*** Opening Data to use ***
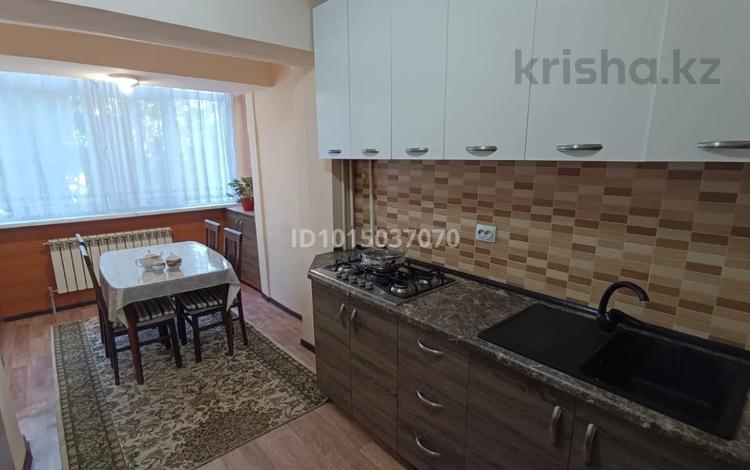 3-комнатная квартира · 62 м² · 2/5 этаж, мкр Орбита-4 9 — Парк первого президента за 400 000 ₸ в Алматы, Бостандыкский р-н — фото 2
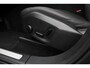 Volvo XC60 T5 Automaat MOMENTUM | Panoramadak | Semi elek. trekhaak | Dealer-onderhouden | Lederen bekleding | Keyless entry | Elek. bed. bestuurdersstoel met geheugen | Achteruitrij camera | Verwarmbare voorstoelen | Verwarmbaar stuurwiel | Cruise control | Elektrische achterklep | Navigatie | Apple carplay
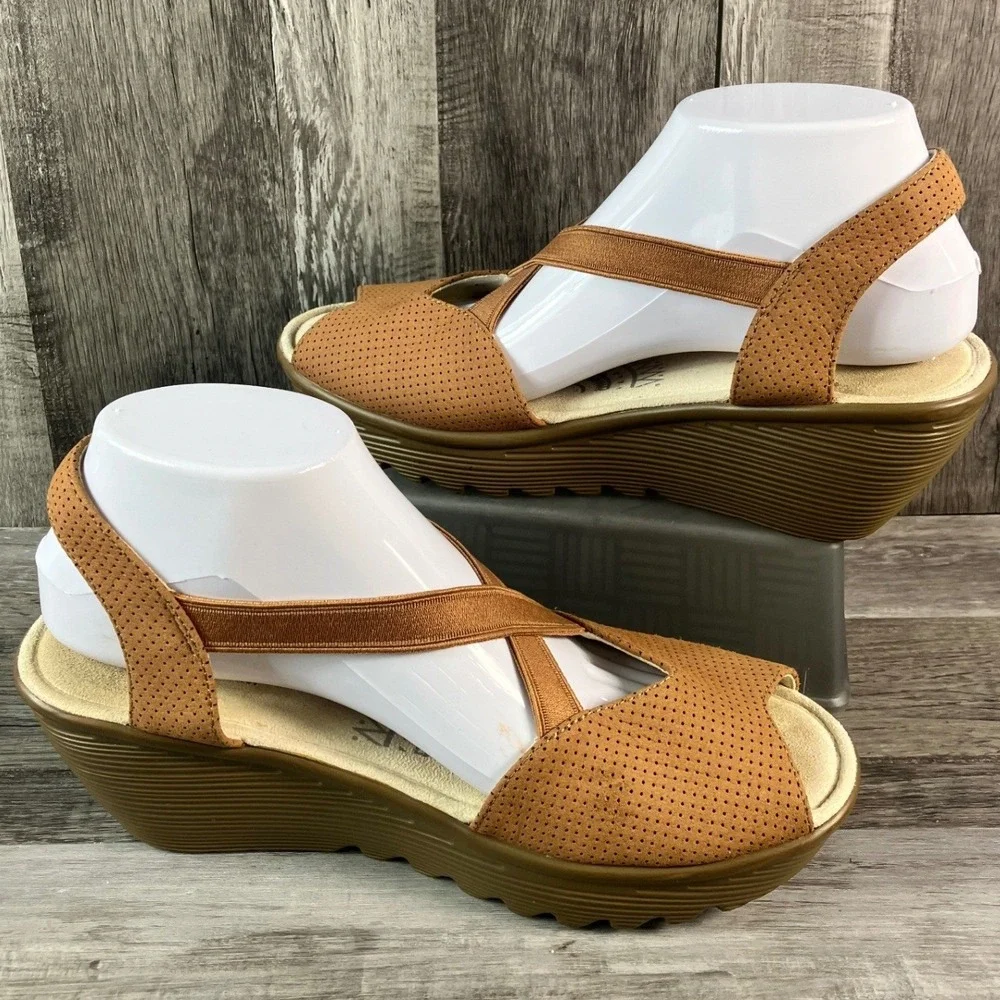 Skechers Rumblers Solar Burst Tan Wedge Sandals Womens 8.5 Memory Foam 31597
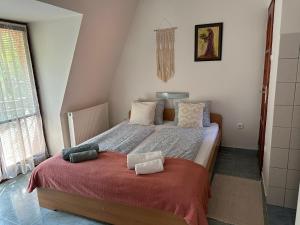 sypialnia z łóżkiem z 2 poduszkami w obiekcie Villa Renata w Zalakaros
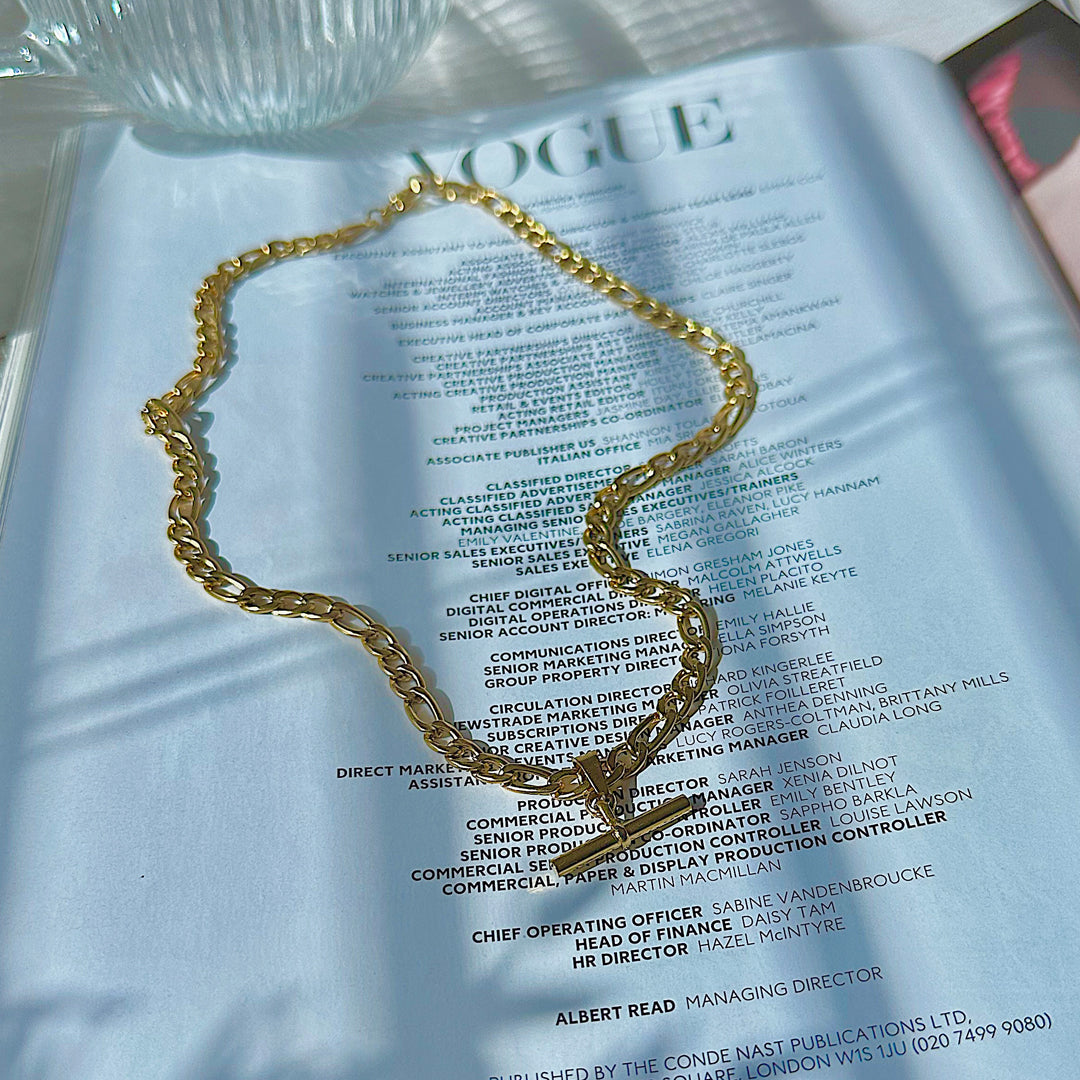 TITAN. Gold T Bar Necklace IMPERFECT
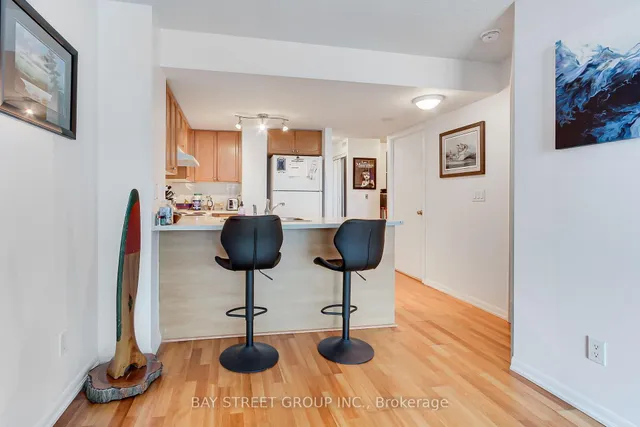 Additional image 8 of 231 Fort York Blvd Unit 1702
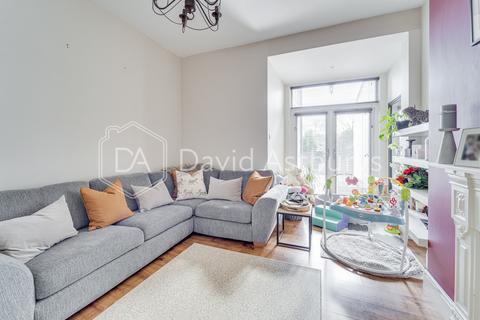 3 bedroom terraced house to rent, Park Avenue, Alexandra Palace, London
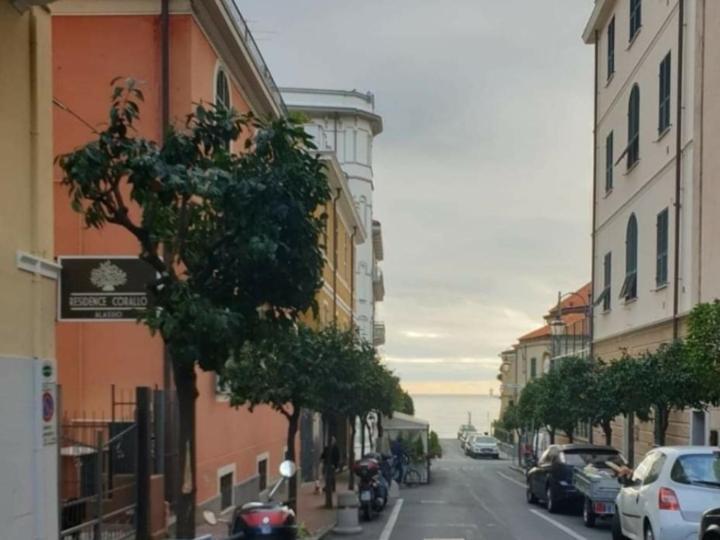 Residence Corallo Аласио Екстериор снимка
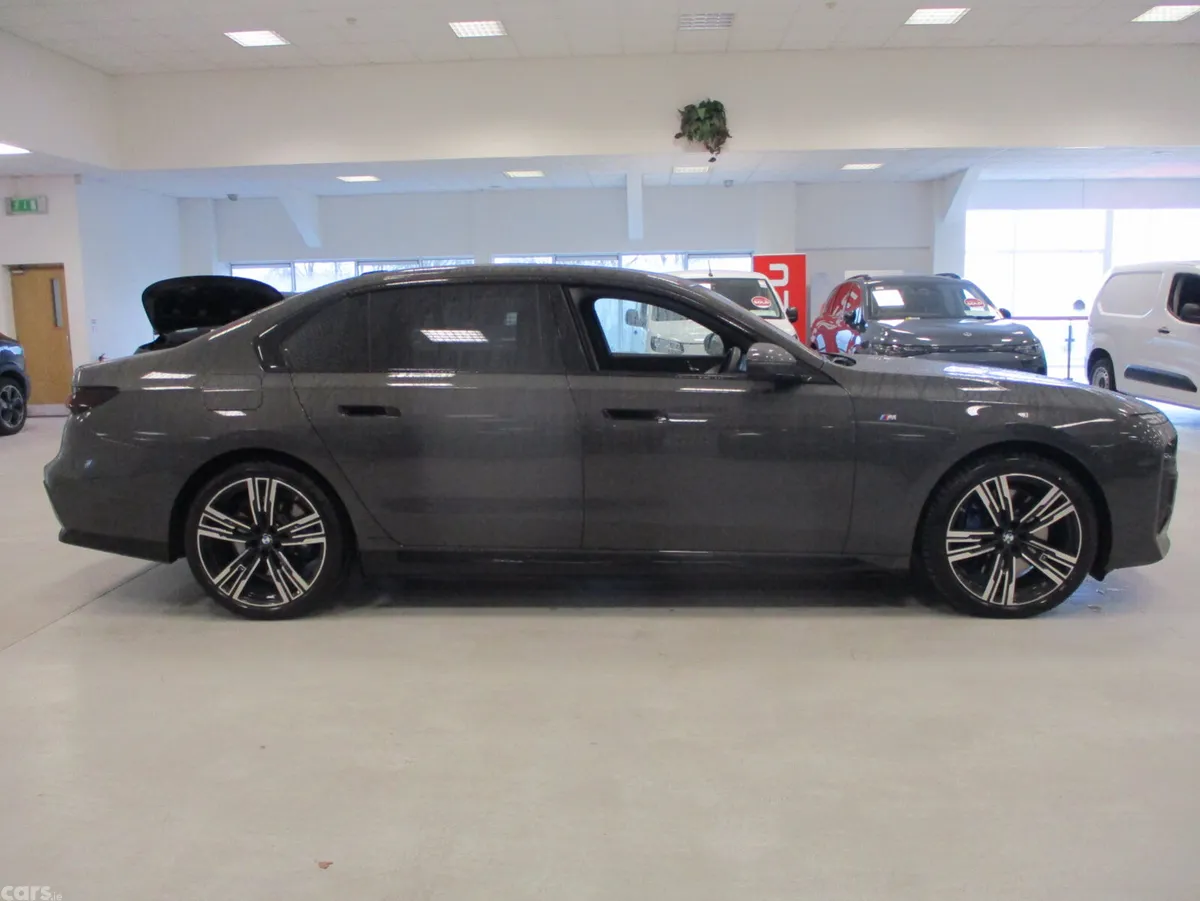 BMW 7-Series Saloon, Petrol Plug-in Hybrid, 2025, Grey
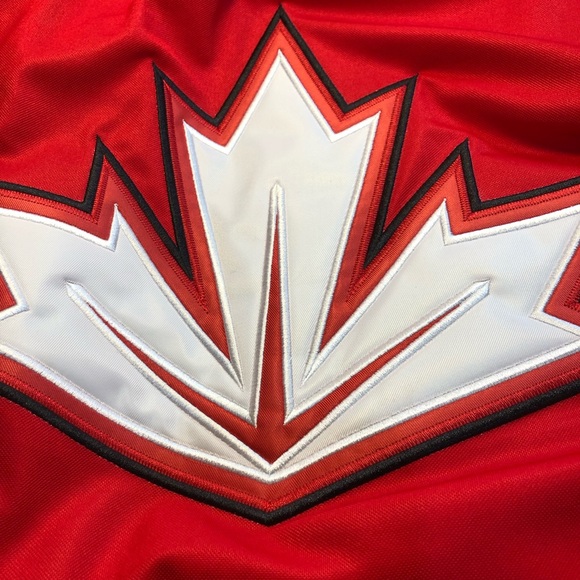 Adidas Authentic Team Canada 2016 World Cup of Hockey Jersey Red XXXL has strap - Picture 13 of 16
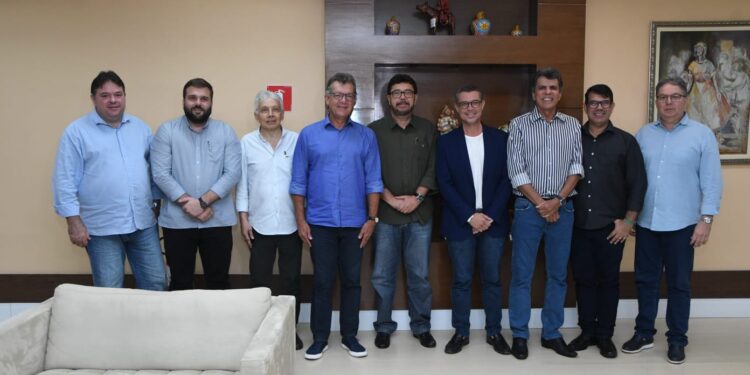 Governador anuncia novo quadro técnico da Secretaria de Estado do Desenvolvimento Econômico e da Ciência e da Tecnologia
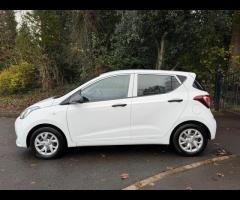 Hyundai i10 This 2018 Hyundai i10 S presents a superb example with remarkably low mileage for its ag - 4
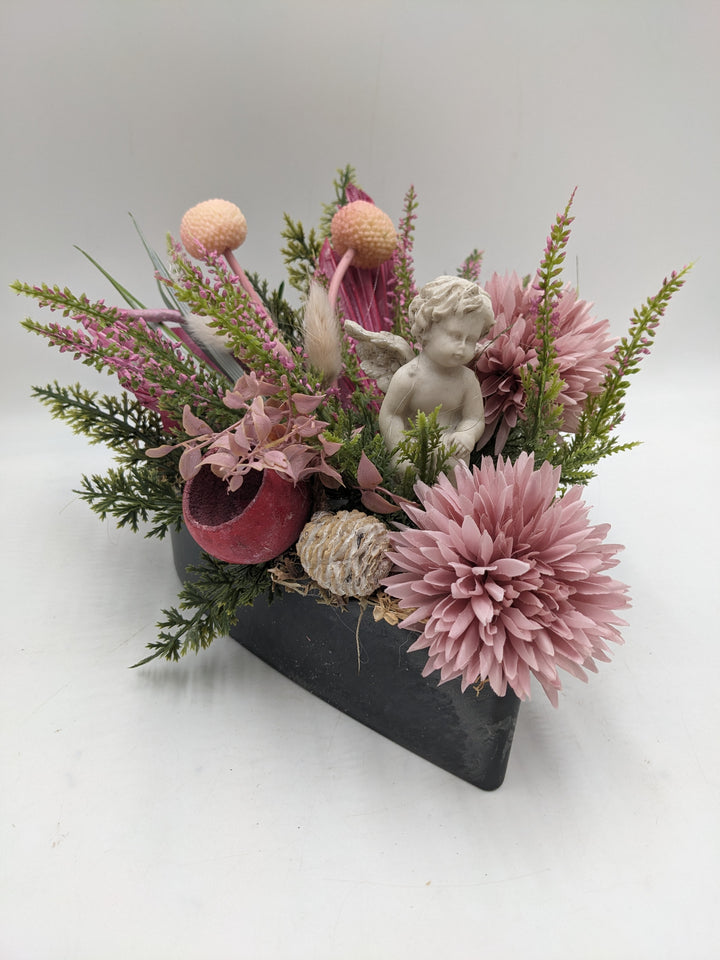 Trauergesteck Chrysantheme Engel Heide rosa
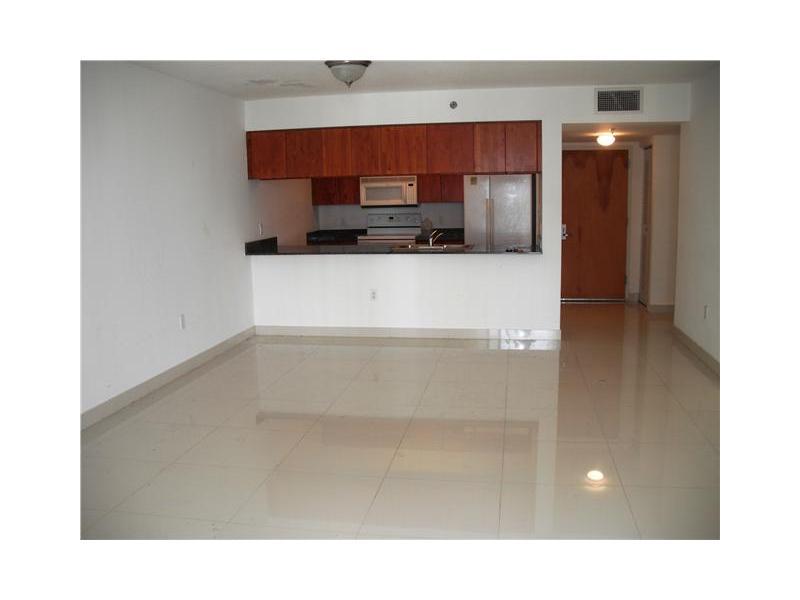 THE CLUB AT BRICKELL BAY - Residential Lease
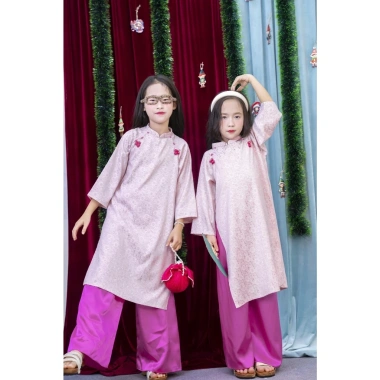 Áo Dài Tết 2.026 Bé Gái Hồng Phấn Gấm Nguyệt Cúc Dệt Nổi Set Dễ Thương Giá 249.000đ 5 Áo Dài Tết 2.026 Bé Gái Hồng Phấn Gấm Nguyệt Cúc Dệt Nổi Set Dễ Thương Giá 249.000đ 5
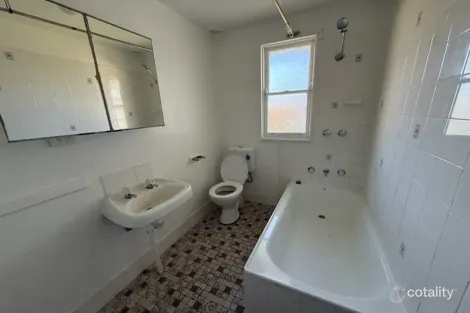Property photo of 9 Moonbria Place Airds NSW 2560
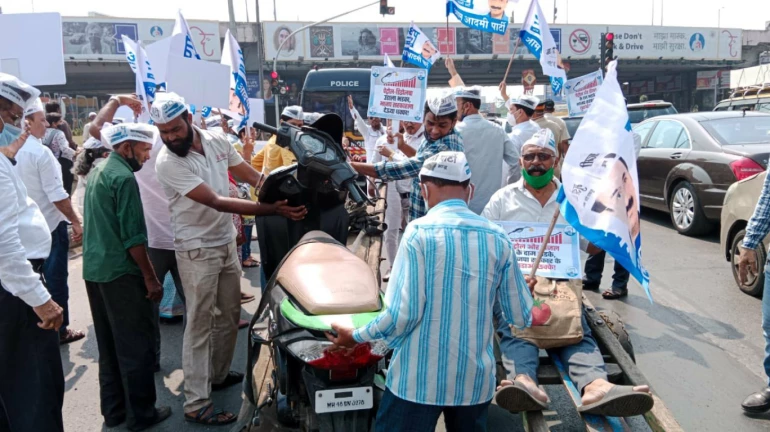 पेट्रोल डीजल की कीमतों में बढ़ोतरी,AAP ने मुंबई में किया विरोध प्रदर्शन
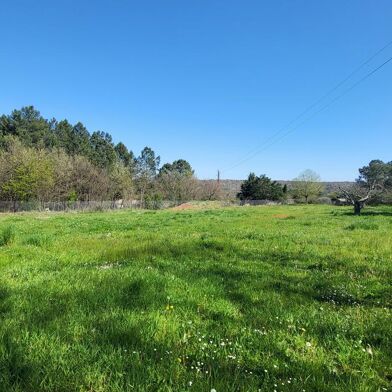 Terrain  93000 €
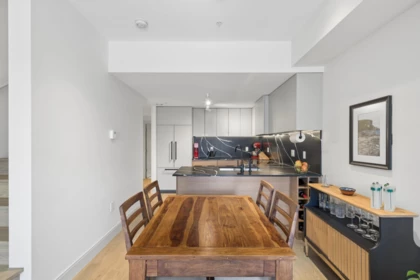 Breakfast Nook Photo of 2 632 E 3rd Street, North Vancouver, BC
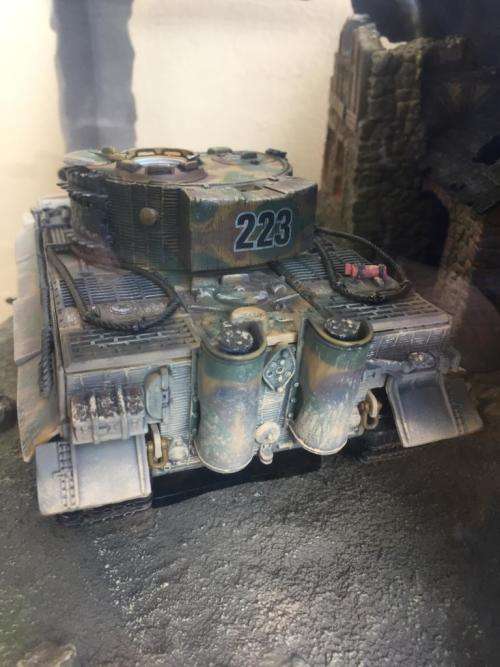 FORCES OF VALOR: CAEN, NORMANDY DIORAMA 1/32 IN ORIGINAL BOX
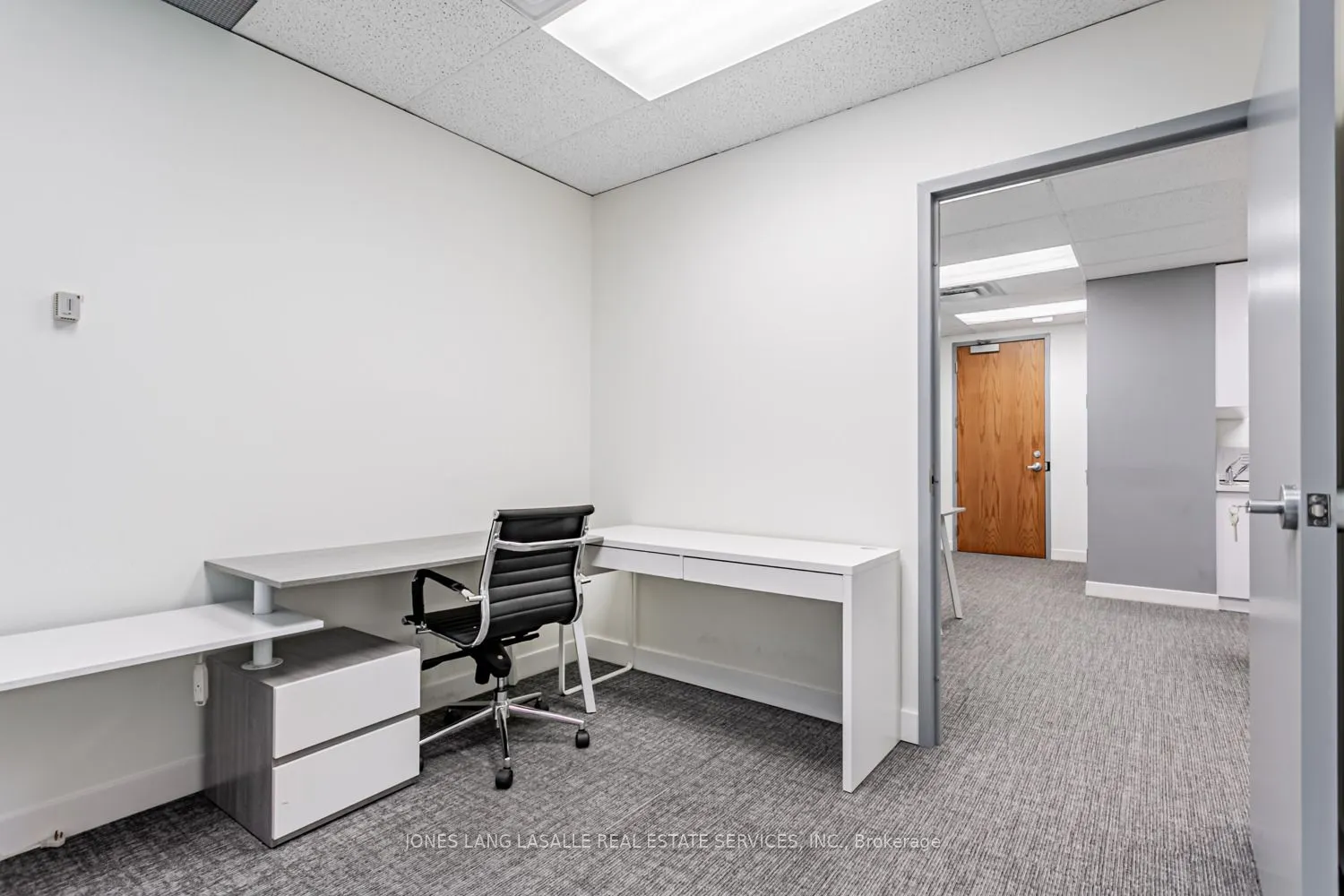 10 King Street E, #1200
*** Closing Data to use ***
### Work to be completed
When copying from the data above, begin at the line containing "Volvo XC60 T5" and end at the line containing "Adidas Authentic Team"; return those lines exactly and leave all pictures behind.

### Output
 Volvo XC60 T5 Automaat MOMENTUM | Panoramadak | Semi elek. trekhaak | Dealer-onderhouden | Lederen bekleding | Keyless entry | Elek. bed. bestuurdersstoel met geheugen | Achteruitrij camera | Verwarmbare voorstoelen | Verwarmbaar stuurwiel | Cruise control | Elektrische achterklep | Navigatie | Apple carplay
 Skechers Rumblers Solar Burst Tan Wedge Sandals Womens 8.5 Memory Foam 31597
 sypialnia z łóżkiem z 2 poduszkami w obiekcie Villa Renata w Zalakaros
 TITAN. Gold T Bar Necklace IMPERFECT
 Additional image 8 of 231 Fort York Blvd Unit 1702
 3 bedroom terraced house to rent, Park Avenue, Alexandra Palace, London
 Residence Corallo Аласио Екстериор снимка
 BMW 7-Series Saloon, Petrol Plug-in Hybrid, 2025, Grey
 Adidas Authentic Team Canada 2016 World Cup of Hockey Jersey Red XXXL has strap - Picture 13 of 16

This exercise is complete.